“DC Madam” Deborah Jeane Palfrey found dead

It was apparently a suicide. How strange, and sad. Last July we spoke with her on the phone, back when she was in high spirits about her upcoming legal dispute. Needless to say, it didn’t go well for her, convicted on all counts and due to be sentenced next month to a multi-year jail term. All of her assets had been seized long before under ridiculous civil forfeiture laws.

I think all the members of the team agree that it is time to retire DC Phone List. In case you don’t remember, here is the background, here is the Hill article, and here is my On the Media radio interview.

5 replies on ““DC Madam” Deborah Jeane Palfrey found dead”

  1. A sad case of many lives ruined on every side with no benefits for anyone.

    What a waste. As I said at the time, this sort of tabloid focus does no one any good. What should matter to employers is how well people do their jobs, not what happens in their private lives.

    Politicians are our employees. We’ve no more right to spy on their private lives as your employer does on yours. If they’re doing their job well, passing the right laws and voting against the wrong ones, who gains by forcing them to resign and replacing them with people who don’t?

    There are critical issues facing this country right now. Maybe we should consider focusing on them rather than driving people to suicide for private indiscretions.

  2. I think the point here is that at least some of the individuals outed by Palfrey’s list were the very same politicians who railed about “family values” – and supported precisely the same sort of draconian laws that spurred to this whole tragic case.

    So yeah, I’m perfectly willing to give the politicians a pass – as long as everyone else involved gets a pass too. Among the many injustices of this case was the vast discrepancy in consequences suffered by participants on different sides of the same activity.

  3. Well at least 3 of 4 agree that it’s time to retire it, I guess. I of the opinion that it should stay up for a bit longer.
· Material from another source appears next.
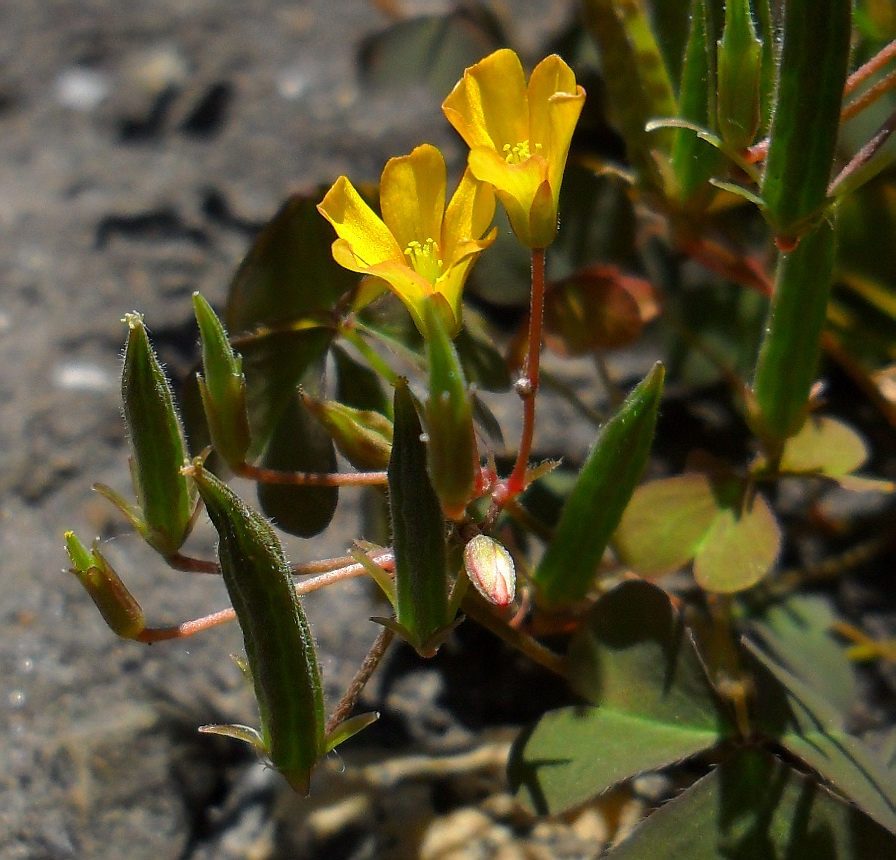 Image of Oxalis stricta specimen.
    I also agree with Kevin’s post.

    I think analogizing politicians to employees is flawed because employees don’t pass rules their bosses must then abide by. Politicians on the other hand pass laws that the rest of us must follow. Many of these laws try to control what we do in our private lives (like sodomy laws). If a politician tries to impose his morality (as Kevin said) onto the rest of us by legislating and then in is guilty of violating that morality himself then s/he is more than fair game.

    “If they’re doing their job well, passing the right laws and voting against the wrong ones, who gains by forcing them to resign and replacing them with people who don’t?”

    That rhetorical question has too many assumptions (for one that there’s such a politician that passes the right laws and votes against the wrong ones) and for another that whomever replaces him wouldn’t do the same. The point is not to expose politicians for the sake of exposing but to expose hypocritic ones.

    “There are critical issues facing this country right now.”

    Agreed

    “Maybe we should consider focusing on them rather than driving people to suicide for private indiscretions.”

    I don’t think the DC Madam killed her self for “private indiscretions” but rather for a rather public travesty the DOJ perpetrated on her. There has not been one instance of a suicide of a former client as far as we know.

  4. If a politician is passing morality laws because the people who voted for him want him to, then if he doesn’t agree with them himself, he’s still doing his job. No one agrees with everything their employers want them to do.

    The fault here isn’t hypocritical politicians, it’s people who require them to be so to be elected.

    Of course the existence of the DC Phone list gives no one a pass. It doesn’t differentiate between those politicians who “impose their morality” on people and those who do not. It doesn’t differentiate from executives or anyone who’s private lives this could ruin.

  5. “If a politician is passing morality laws because the people who voted for him want him to, then if he doesn’t agree with them himself, he’s still doing his job. No one agrees with everything their employers want them to do.”

    Well, that’s the next addendum to “Profiles In Courage” right there.

    Not to deny the culpability of “the public”, as it were, but public officials choose not just how to vote on this issue or that, but also priorities, the precise content of the laws, and the tenor of the public statements they make. It trivializes the responsibility of leadership to say that essentially no politician can ever be expected to exercise his or her own judgment, much less restraint in publicly inveighing against a practice that they (in Vitter’s case at least) engage in.

    As far as your other point – that non-public figures are also potential casualties – that’s a fair point. However, the only way that society confronts the injustice of the system is when that injustice isn’t allowed to be just swept under the rug by punishing only the people that society finds, for lack of a better word, “icky” (despite *their* privacy rights being just as valid as those of the clients).

    Or, to put it another way – is it fair that the providers serve jail time, but the clients aren’t even publicly embarrassed, much less prosecuted? And if not, how would you suggest the situation be rectified?